That's doable, with a perl wrapper around a python script. The question I'd 
want to ask is "is email address a allowed to post to list b".

> 2) you could use some kind of RPC such as the REST
> api that Andrew's been talking about;

I'm not sure whether I could use that from Exim.

> 3) you could make the appropriate
> queries directly to the Mailman database, which is based on SQLite
> currently but can be anything that Storm can talk to.

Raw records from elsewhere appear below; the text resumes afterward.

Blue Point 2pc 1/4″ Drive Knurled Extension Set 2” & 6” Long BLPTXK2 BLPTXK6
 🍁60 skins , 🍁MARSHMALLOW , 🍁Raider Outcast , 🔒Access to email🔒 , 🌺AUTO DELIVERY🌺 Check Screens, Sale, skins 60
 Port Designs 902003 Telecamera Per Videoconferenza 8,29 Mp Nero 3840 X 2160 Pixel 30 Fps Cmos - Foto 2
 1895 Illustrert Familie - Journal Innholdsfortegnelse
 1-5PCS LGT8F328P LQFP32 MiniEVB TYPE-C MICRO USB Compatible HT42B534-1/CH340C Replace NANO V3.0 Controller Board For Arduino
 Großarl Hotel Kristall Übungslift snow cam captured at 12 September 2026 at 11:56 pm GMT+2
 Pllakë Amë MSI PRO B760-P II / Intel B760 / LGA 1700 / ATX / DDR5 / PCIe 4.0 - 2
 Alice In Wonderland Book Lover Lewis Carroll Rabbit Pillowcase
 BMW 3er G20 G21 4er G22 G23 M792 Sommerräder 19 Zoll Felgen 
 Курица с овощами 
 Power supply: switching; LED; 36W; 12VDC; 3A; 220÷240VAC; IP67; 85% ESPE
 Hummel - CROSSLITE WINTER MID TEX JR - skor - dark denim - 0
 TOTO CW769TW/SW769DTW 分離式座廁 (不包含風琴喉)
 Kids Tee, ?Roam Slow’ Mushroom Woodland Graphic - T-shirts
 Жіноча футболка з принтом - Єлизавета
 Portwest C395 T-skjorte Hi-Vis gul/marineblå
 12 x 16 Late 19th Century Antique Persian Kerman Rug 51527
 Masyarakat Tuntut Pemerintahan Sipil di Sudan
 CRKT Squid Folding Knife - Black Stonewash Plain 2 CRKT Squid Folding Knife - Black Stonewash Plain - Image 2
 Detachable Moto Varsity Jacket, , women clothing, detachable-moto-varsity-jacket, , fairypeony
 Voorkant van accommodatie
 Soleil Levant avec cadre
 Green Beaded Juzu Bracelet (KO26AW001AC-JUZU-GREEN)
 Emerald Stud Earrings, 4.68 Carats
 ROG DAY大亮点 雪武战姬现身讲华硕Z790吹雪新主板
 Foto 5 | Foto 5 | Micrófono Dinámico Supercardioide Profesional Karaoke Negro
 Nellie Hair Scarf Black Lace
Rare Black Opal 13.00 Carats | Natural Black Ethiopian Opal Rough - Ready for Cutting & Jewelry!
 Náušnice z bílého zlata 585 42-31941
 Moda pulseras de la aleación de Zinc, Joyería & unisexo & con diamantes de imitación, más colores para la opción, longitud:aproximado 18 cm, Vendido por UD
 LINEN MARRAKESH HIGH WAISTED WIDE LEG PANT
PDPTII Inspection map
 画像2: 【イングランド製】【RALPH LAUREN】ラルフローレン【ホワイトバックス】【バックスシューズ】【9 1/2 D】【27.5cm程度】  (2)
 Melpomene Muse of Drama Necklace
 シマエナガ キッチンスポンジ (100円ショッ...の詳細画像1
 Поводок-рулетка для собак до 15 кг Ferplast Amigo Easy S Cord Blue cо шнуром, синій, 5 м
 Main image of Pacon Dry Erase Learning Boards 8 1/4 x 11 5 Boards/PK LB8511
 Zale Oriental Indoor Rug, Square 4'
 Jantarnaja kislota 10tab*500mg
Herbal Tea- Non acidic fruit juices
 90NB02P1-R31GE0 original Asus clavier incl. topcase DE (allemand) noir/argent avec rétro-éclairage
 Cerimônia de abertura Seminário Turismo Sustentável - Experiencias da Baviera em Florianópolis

That's probably the most desirable option from the point of view of 
efficiency, but I'd need to be querying a database remotely. Preferably one 
with several replicas. Would LDAP be an option? That's what we currently 
use for our user authentication. Hmm, doesn't look like it. I guess I could 
knock up a postgres cluster.

The disadvantage of this over (1) is that I'd need to replicate Mailman's 
logic in the SQL query.

> Is that the kind of thing you want to do?

The ideal thing would be if Mailman had an LMTP interface to accept 
postings, and could make decisions about accepting mail after RCTP TO.

That way, Exim could make LMTP callouts to Mailman (effectively, the HELO, 
MAIL FROM and RCPT TO sections of the L/SMTP protocol). If Mailman says, 
yes I'll accept this message for delivery, then Exim can continue.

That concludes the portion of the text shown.